So what MYEFO did was to deceitfully change the rules and then claim, lo and behold, to uncover a $667-billion debt figure. These politically biased assumptions had the effect of pumping up the debt and deficit projections—pumping them up markedly. The independent Pre-Election Economic and Fiscal Outlook clearly shows that, on the former government's policy settings, the medium-term projection had the underlying cash surplus growing after the forward estimates and reaching one per cent of GDP in 2020-21. Net debt was projected to return to zero in 2023-24.

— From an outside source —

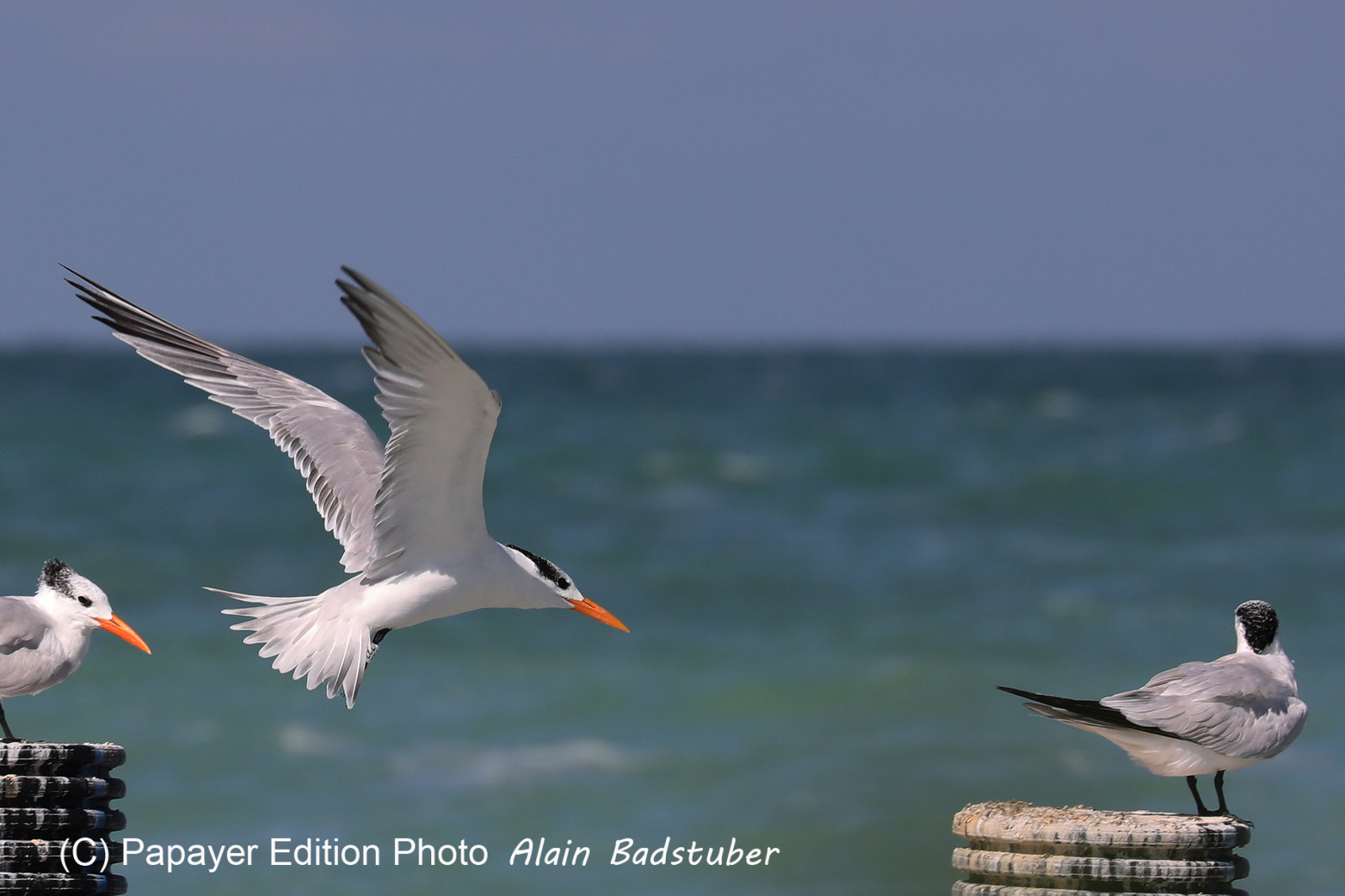 Deuxième séjour à Sarteneja, Bélize, Novembre - Décembre 2021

That figure of a surplus of one per cent of GDP in 2020-21 is an important figure because we know that the terms of the National Commission of Audit were a requirement that the commission:

'… make recommendations to achieve savings sufficient to deliver a surplus of one per cent of GDP prior to 2023-24.'

But if you do not make the $9-billion grant to the Reserve Bank, if you do not give $700 million to multinational firms through tax loopholes, and if you do not relax the fiscal rules, you have got that surplus of one per cent of GDP happening in 2020-21. That surplus is there in the Pre-Election Economic and Fiscal Outlook.

PEFO

There have been a lot of games played with the Pre-Election Economic and Fiscal Outlook. These are games, ironically, which were played by the party that put PEFO into place. After the 1996 election then Treasurer Costello put in place a Charter of Budget Honesty. That is charter required the secretaries of Treasury and Finance to prepare a Pre-Election Economic and Fiscal Outlook, PEFO, that ensured, as Treasurer Costello put it at the time:

'That the Australian people know the situation before an election begins and so that elections can be conducted on the basis of facts and not on the basis of deceit, as governments in the past have sought to do.'

PEFO was the fiscal equivalent of Mortein for spiders in the closet—it made it impossible for a new government to claim that, lo and behold, the state of the books were not what had been represented, because what PEFO does is that it ensures that the independent secretaries of Treasury and Finance sit down during the election campaign and set out the state of the books. The spider-free economy that the government took on had an economy with solid growth, unemployment low by historical standards and gross debt projected to peak at $370 billion in 2016-17. That is the spider-free economy that the Treasurer took on. That was underpinned by strong economic growth during Labor's time in office.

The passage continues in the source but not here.